Brief descriptive captions
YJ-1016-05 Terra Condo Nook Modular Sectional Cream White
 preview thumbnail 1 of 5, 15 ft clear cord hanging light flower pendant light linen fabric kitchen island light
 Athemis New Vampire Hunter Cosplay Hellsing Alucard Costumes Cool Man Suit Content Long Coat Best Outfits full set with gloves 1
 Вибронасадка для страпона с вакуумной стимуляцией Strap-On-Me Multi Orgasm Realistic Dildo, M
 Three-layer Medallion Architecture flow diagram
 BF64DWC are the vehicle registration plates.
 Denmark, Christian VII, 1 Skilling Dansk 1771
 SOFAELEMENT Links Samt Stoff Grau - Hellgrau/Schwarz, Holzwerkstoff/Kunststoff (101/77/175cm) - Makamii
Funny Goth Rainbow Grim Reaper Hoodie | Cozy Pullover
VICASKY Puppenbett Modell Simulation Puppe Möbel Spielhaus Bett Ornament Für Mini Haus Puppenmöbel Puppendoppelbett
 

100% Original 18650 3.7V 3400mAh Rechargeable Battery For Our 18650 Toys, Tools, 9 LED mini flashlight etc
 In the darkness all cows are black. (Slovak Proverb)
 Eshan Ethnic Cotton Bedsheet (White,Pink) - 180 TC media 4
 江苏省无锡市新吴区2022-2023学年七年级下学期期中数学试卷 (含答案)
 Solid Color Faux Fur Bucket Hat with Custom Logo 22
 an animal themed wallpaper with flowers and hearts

*Task prompt*. What you give back should be exactly the lines of the entries above from the one containing "Solid Color Faux" to the end, and nothing more.

*Response area*.
 Solid Color Faux Fur Bucket Hat with Custom Logo 22
 an animal themed wallpaper with flowers and hearts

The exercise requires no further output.